I wouldn't say that CRT does things one way while HFT doing things inversely, there's a one-to-one correspondence between factors and topic distributions in HFT: one does not "generate" the other, but rather a single parameter simultaneously defines both.
2. The cold-start plots were hard to generate in a nice way. To generate these plots, you need items that show up only a few times in the training set, but enough times in the test set to generate statistically significant results. Although the plots are nice and smooth on the biggest datasets, they get pretty noisy on the smaller ones. There are also certain other factors that may be at play, for instance products with only 1-2 reviews may be somehow different from products with many reviews (e.g. niche products versus mainstream products), so it can be hard to compare the two. From memory, results were similar on other datasets, but much noisier.
As for the book category, I'm not so sure. Books are a bit unique in the sense that people discuss a lot of things that aren't evaluative (e.g. the plot of the book). There are also loads of products with only 1-2 reviews. That means to get good performance *on average across the whole corpus* the model will be very reliant on review text (which is beneficial for products with few reviews), at the expense of poor performance on products with many reviews (in which case having a lot of ratings is more reliable than having a lot of text). If you were to train the same model only on books with >10 reviews, the model would behave quite differently (e.g. it would rely less on the corpus likelihood).
Long story short I suspect that this result in the case of books is simply due to the statistics of how much of the corpus consists of "new" products versus products with many reviews. I think some careful modifications to how the regularizer works might address this.

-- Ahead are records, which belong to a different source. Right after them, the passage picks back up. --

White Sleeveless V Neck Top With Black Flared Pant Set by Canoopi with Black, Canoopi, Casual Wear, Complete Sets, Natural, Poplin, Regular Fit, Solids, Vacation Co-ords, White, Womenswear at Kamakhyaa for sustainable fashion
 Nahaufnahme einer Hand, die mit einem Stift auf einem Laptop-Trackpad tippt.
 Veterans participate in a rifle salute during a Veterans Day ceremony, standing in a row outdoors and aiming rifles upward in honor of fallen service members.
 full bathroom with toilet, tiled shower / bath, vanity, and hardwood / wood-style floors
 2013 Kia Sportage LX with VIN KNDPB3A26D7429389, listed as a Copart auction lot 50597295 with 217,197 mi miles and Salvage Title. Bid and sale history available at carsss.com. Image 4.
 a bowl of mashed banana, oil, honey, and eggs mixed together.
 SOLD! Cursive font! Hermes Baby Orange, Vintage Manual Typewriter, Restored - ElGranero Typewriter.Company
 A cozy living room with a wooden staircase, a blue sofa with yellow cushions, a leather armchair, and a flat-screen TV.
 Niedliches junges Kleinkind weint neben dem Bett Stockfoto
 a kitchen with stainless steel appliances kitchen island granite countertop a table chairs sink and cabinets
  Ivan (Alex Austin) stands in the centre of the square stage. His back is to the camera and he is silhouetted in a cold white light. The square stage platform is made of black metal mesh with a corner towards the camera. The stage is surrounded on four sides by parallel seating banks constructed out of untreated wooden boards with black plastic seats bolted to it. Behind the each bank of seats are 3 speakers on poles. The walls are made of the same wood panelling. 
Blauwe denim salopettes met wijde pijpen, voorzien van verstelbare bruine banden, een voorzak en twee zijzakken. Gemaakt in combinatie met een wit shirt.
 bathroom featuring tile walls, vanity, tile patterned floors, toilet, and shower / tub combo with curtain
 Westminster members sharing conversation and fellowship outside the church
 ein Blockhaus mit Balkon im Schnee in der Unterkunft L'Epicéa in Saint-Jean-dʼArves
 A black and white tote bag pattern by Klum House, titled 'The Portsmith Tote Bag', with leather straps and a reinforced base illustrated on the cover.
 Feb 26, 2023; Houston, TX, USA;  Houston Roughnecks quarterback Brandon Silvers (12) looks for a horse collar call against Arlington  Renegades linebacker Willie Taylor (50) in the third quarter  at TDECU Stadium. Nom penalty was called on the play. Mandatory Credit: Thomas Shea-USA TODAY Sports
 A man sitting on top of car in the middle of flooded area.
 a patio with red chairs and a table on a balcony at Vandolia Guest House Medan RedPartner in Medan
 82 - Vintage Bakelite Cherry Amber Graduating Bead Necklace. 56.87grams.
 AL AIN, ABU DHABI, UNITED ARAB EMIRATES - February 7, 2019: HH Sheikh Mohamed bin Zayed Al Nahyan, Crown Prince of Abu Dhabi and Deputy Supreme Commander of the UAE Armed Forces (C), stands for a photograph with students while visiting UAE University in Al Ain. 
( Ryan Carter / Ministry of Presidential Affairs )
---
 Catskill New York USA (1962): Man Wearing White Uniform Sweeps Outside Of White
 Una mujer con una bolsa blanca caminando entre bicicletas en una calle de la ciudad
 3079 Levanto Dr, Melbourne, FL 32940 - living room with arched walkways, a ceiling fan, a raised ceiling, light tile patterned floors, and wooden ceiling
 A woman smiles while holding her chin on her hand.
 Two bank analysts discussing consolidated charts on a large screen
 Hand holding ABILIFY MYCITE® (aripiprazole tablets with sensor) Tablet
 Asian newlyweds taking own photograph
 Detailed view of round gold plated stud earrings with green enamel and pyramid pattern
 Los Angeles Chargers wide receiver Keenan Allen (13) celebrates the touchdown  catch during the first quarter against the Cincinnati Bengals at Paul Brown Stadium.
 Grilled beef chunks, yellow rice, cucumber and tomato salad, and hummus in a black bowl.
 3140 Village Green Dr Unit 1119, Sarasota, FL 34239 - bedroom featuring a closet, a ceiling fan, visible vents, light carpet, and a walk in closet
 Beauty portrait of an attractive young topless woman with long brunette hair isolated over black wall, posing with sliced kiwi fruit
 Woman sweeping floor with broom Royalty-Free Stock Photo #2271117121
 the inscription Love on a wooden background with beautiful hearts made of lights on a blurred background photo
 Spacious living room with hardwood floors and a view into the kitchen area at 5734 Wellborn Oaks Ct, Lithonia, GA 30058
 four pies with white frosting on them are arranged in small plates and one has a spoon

==================================================
Q:
First of all I need to know how to get the propertise of each user and business in your existing code. I have tried several times but failed. Could you please tell me the way to get it?
A:
To save the item representations you'll want to do something like
for (int i = 0; i < nItems; i ++)
{
printf("%s", corp->rItemIds[i].c_str());
for (int k = 0; k < K; k ++)
printf(" %f", gamma_item[i][k]);
printf("\n");
}
Same thing for users.
==================================================
Q:
I am trying to do some evaluation work on your HFT model. I wish to extract the words distribution over topics and topic distribution over items, i.e., phi and theta respectively. Seems that you have already answered how to extract the phi. Could you please tell me how to get the topics proportion of each item?
A:
Note that gamma_i determines the topic proportions via the softmax function in eq. 4. If you get the code to spit out kappa and gamma that will be enough to compute the topic proportions.